| ACTION ITEM |
Can you restate the lines of the entries below, word for word, from the first one through the line that includes "Omega Constellation Blue"?

| SOURCE DATA |

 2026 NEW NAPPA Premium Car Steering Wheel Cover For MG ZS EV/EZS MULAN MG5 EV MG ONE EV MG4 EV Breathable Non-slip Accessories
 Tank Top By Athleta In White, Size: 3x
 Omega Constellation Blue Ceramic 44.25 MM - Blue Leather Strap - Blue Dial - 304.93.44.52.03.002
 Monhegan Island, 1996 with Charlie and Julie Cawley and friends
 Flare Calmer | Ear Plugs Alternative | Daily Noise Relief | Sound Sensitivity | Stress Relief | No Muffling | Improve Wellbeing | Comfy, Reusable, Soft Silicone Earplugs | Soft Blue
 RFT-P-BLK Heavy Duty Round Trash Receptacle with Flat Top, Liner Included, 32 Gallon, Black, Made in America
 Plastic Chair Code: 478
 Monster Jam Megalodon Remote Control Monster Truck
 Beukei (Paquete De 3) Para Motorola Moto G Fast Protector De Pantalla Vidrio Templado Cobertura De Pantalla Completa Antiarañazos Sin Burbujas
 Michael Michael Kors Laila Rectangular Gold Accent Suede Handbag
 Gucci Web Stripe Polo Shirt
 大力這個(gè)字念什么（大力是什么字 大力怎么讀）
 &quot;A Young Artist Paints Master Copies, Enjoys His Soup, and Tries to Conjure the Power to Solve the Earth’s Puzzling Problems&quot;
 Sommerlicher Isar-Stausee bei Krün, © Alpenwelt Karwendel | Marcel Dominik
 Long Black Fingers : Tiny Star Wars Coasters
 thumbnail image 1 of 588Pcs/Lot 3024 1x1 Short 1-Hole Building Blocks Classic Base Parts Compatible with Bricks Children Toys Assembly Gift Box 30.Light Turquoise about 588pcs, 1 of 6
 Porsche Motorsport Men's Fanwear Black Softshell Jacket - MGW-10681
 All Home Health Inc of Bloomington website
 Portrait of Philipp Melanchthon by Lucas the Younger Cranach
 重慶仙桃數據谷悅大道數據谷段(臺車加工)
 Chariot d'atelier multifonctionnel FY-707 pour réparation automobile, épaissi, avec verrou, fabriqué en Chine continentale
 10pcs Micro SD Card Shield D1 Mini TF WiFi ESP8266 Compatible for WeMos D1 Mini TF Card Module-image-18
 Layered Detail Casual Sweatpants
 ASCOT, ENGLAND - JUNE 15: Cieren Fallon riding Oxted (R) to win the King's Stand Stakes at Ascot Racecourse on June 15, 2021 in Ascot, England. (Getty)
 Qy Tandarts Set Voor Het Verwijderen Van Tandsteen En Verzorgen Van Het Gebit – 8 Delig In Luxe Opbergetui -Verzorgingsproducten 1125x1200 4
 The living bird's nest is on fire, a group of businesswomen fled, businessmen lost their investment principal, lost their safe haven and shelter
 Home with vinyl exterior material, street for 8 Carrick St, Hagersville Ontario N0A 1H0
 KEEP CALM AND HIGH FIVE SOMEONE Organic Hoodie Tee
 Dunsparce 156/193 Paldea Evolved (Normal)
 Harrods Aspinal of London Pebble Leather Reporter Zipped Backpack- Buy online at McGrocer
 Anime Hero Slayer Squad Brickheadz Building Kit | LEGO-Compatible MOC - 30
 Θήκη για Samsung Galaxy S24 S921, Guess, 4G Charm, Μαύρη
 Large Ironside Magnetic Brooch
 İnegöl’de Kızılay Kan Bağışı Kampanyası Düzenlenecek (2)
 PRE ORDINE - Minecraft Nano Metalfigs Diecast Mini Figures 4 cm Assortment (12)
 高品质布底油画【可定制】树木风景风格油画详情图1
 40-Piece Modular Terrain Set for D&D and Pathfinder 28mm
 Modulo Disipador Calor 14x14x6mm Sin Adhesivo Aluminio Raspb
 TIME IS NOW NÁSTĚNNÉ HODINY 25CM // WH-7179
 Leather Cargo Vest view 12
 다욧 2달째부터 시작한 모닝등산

| SOLUTION |
 2026 NEW NAPPA Premium Car Steering Wheel Cover For MG ZS EV/EZS MULAN MG5 EV MG ONE EV MG4 EV Breathable Non-slip Accessories
 Tank Top By Athleta In White, Size: 3x
 Omega Constellation Blue Ceramic 44.25 MM - Blue Leather Strap - Blue Dial - 304.93.44.52.03.002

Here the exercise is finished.